Almost two thirds of public sector learning and development professionals are bracing themselves for budget cuts over the year ahead as they find themselves on the front line to make savings.
According to a survey of more than 500 trainers undertaken by the IITT, some 63% expect to experience cuts during 2011, a rise of 16% on last year.
As a result, ITTT chief executive Colin Steed said that trainers were increasingly looking at ways of "modernising" their approach to learning and development. "More public sector teams are starting to use elearning and live online learning tools to deliver training. They're also placing greater emphasis on demonstrating their value to the organisation and raising their internal profile," he explained.
The news came as HR research and consulting firm Bersin & Associates warned that a rise in the use of mobile devices in the workplace meant that training professionals would need to rethink their attitudes, methods and practices relating to the provision of learning via the channel if they wanted to support changing business requirements.
The growing employment of consumer devices such as smartphones and tablets at work meant that the amount of mobile learning activities undertaken by US workers rose from 9% in 2007 to about 20% or more in 2010, the report said.
The study entitled 'm-Learning: Mobile Learning is Finally Going Mainstream – And It is Bigger Than You Might Think' also indicated that mobile applications were used much more for informal than formal learning purposes by enabling staff in order to access the knowledge and expertise they required when and where they needed it.
Josh Bersin, president and chief executive of Bersin & Associates, said: "Today's enterprise learning functions risk becoming irrelevant if they do not rapidly respond to the power of new mobile technologies to both deepen and hasten the sharing of information across organisations, and to the changing needs and expectations for learning by new generations and geographies of employees."

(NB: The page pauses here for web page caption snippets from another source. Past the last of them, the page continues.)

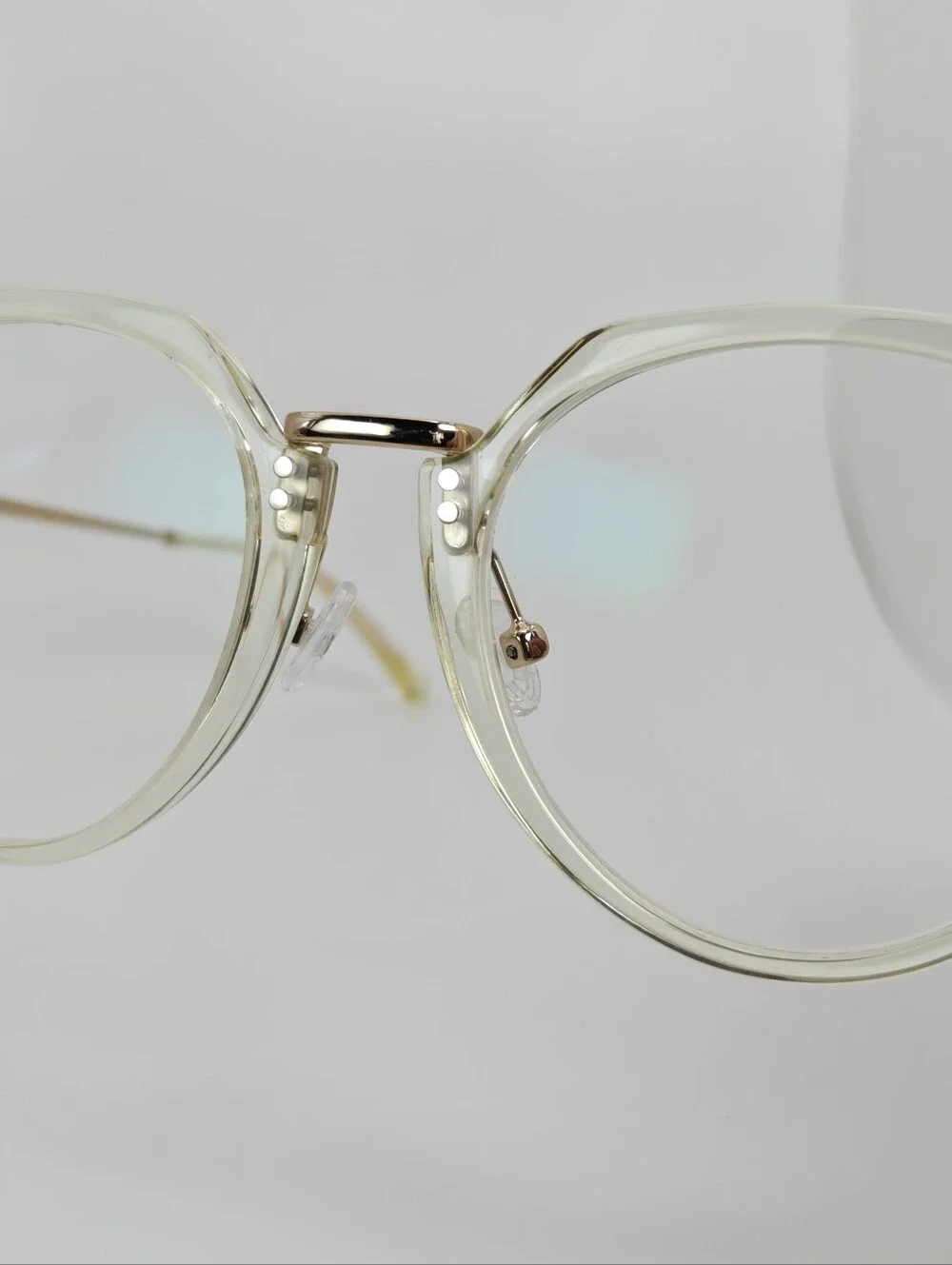 Tamara. Clear Round Frame Glasses. All Gold Accents are Metal.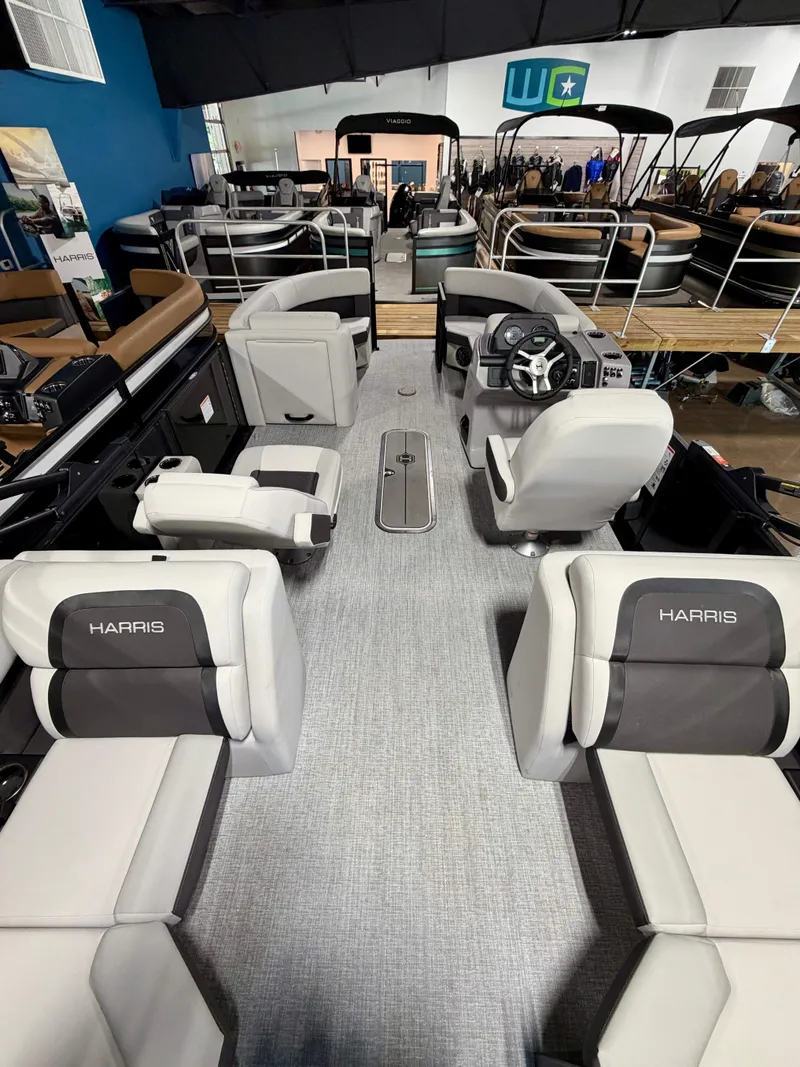 Slide: The Image of Interior view of a Harris Cruiser 210 Heritage with gray and black seating. - 5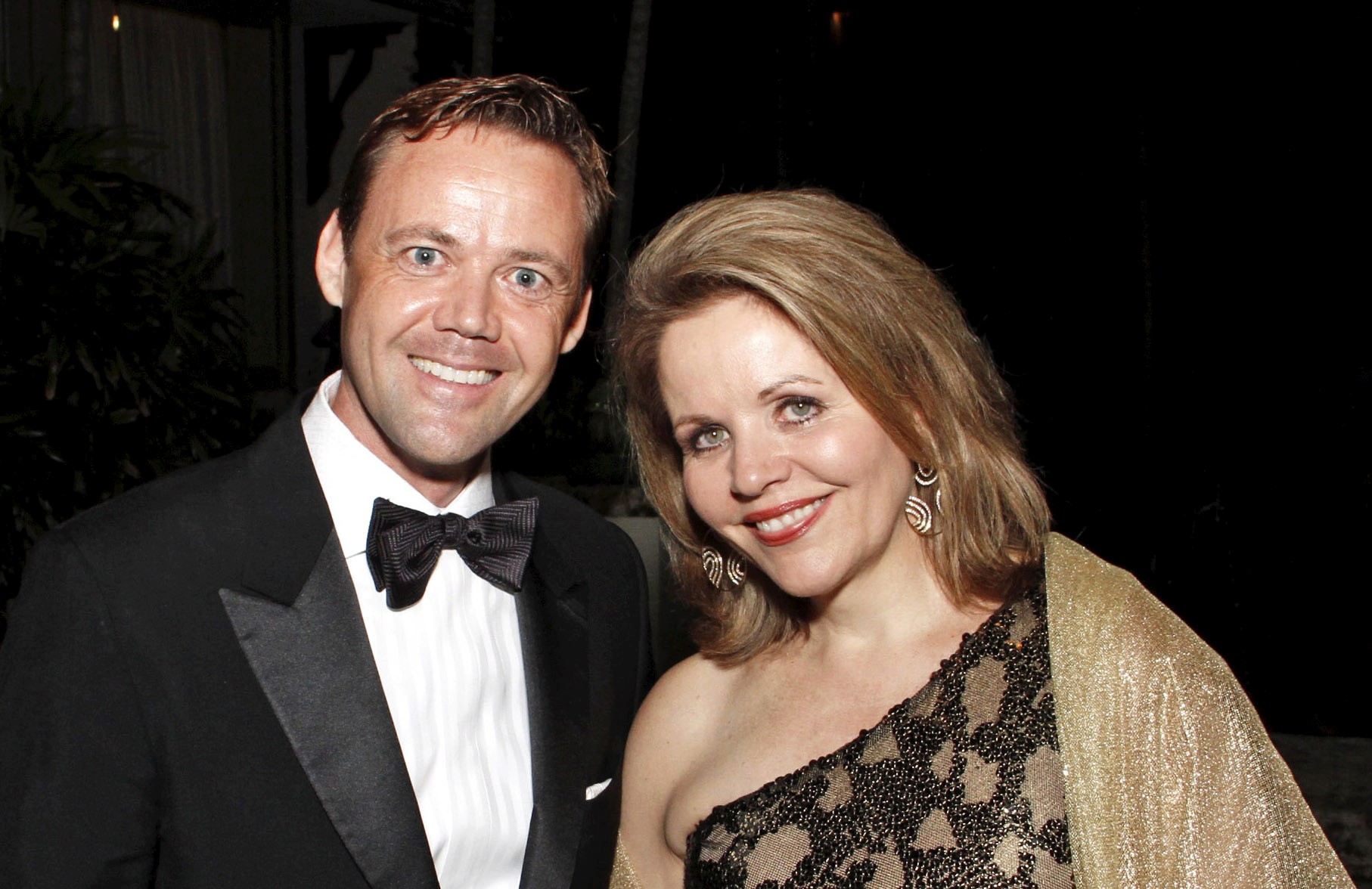 A man in a tuxedo and a woman in a formal gown smile into the camera.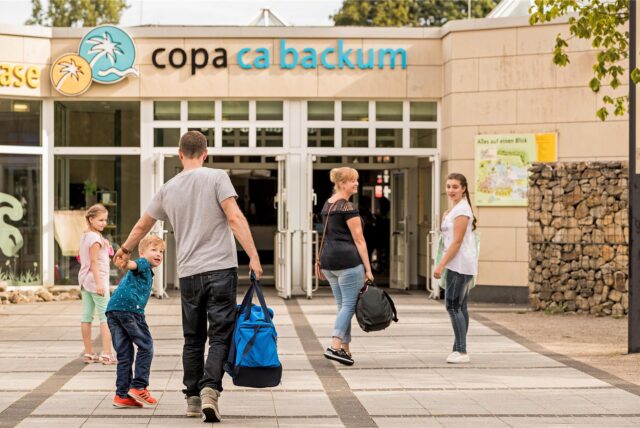 Menschen mit Taschen gehen auf den Eingang des Copa Ca Backum zu.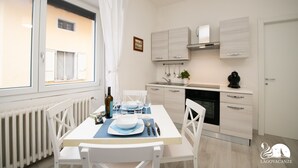 A modern kitchen with white cabinetry, a dining table set for four, and a window with white curtains. - La Torretta - App Catullo (Moniga del Garda)
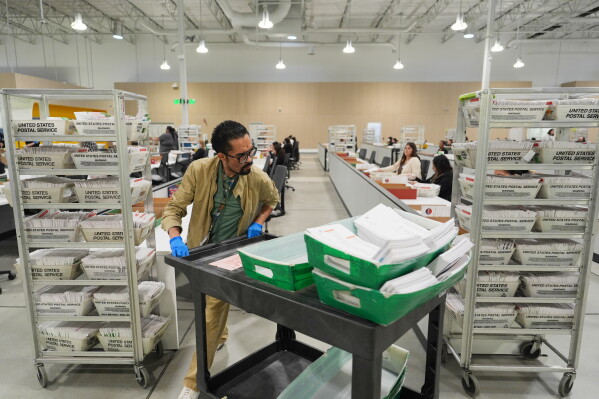 Ballots are sorted the day after California's primary election at the LA County Ballot Processing Center, June 3, 2026, in City of Industry, Calif. (AP Photo/Jae C. Hong, File)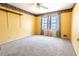 Bedroom featuring a ceiling fan, natural light, carpet flooring, and wallpaper border at 3670 Whirlaway Dr, Decatur, GA 30034
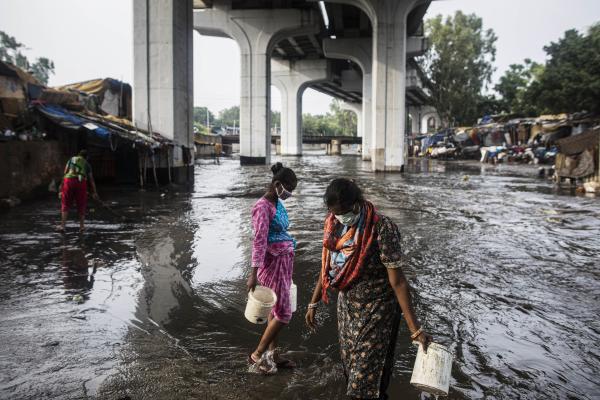Image from News Coverage - Residents of a slum area fill buckets with water to clean...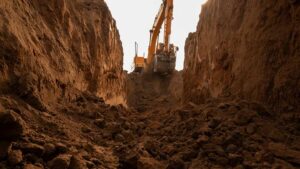 Excavator shaping a residential worksite beside a deep trench, exposed soil layers, gravel, and safety barriers.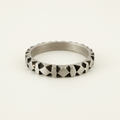 Silver-tone hand-carved band ring with raised diamond-cut pattern across the band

He cited Accenture and Coca-Cola as two companies that had benefited from employing mobile learning techniques. Accenture developed a uPodcast programme to enable managers and subject matter experts to their share knowledge with other workers at a minimal cost. To date, 11% of the total workforce or 20,000 staff have accessed 180 podcasts.
Coca-Cola, meanwhile, used an alternate reality game developed by Kelley Executive Partners to help staff understand how millennial consumers used social media in order to develop a more effective marketing strategy.